This summer my daughter and I read Trevor Noah's book. I'm sharing this Born a Crime YA book review to inspire more parent/child reading time. His best seller came out in paperback this year and is one of my top picks for teens.
Born a Crime YA Book Review
If his name seems familiar, it’s because he’s the man who adeptly took over from John Stewart at The Daily Show. His book came out in 2016.
After my daughter plowed through her required summer reading about the free climber Alex Honnold (Alone on a Wall), I gave her this. While she was at sleepaway camp I picked it up her copy and was barely able to put it down. I frequently laughed in public spaces and am completely charmed and inspired by Noah’s life and writing.
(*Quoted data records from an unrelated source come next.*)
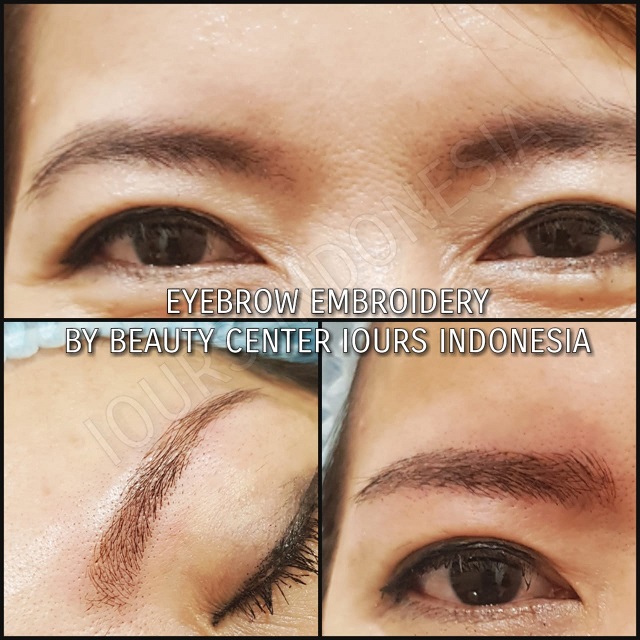 Beauty Treatment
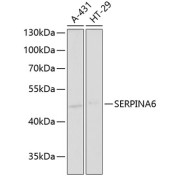 Western blot analysis of various lysates using SERPINA6 Antibody at 1/1000 dilution. Secondary antibody: HRP-conjugated Goat anti-Rabbit IgG (H+L) at 1/10000 dilution. Lysates/proteins: 25 µg per lane. Blocking buffer: 3% nonfat dry milk in TBST. Exposure time: 90s.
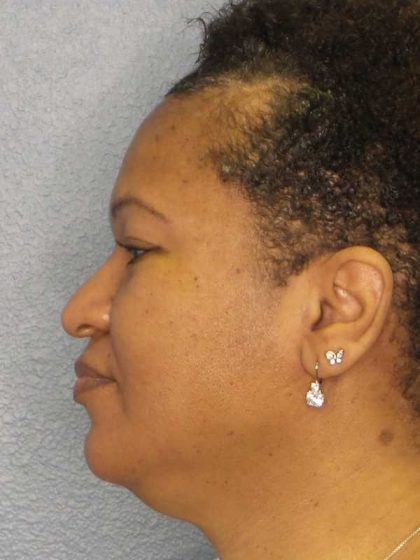 Rhinoplasty Before & After Patient #10805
It’s a South African story, an apartheid story and an ode to his mother. Noah was born in South Africa in 1984 to a white Swiss/German father and a black South African mother. His mother moved from Soweto to Johannesburg in the 80's looking for a way to open new opportunities to herself.
Wisdom and Humor from Born a Crime
Noah walks us through his particular challenges of being “born a crime” -- which means he had mixed race parents. Kids will be surprised to learn this was still illegal in 1984 South Africa. Noah is classified as “colored” which had a few privileges (not many) and more complications since his mother was not from his same race.
Noah speaks seven languages English, Xhosa, Afrikaans, Zulu, Southern Sotho, Tswana, Tsonga and considering his situation has led a pretty charmed life. He narrowly escapes quite a few scrapes and compared to his friends, has more options than most.
Raised mostly by his mother, Noah was a naughty child who was attracted to trouble. His stories of ingenuity and petty crime are pretty endearing (if he’s not your own child). I snorted out loud when Noah recounted his fear of Soweto’s outhouses which led him to defecate indoors. His blind great grandmother got hold of the scent and swore the house was possessed by evil spirits.
Learning About Race in South Africa
Noah paints a clear picture of the limits for his black friends in Soweto (population: 1,271,628 with a density of 6,000+ inhabitants per square km. Soweto's population is predominantly black and all eleven of the country's official languages are spoken, and the main linguistic groups (in descending order of size) are Zulu, Sotho, Tswana, and Tsonga. I visited in 2003 and was awed at the informal structure and the vastness of the area.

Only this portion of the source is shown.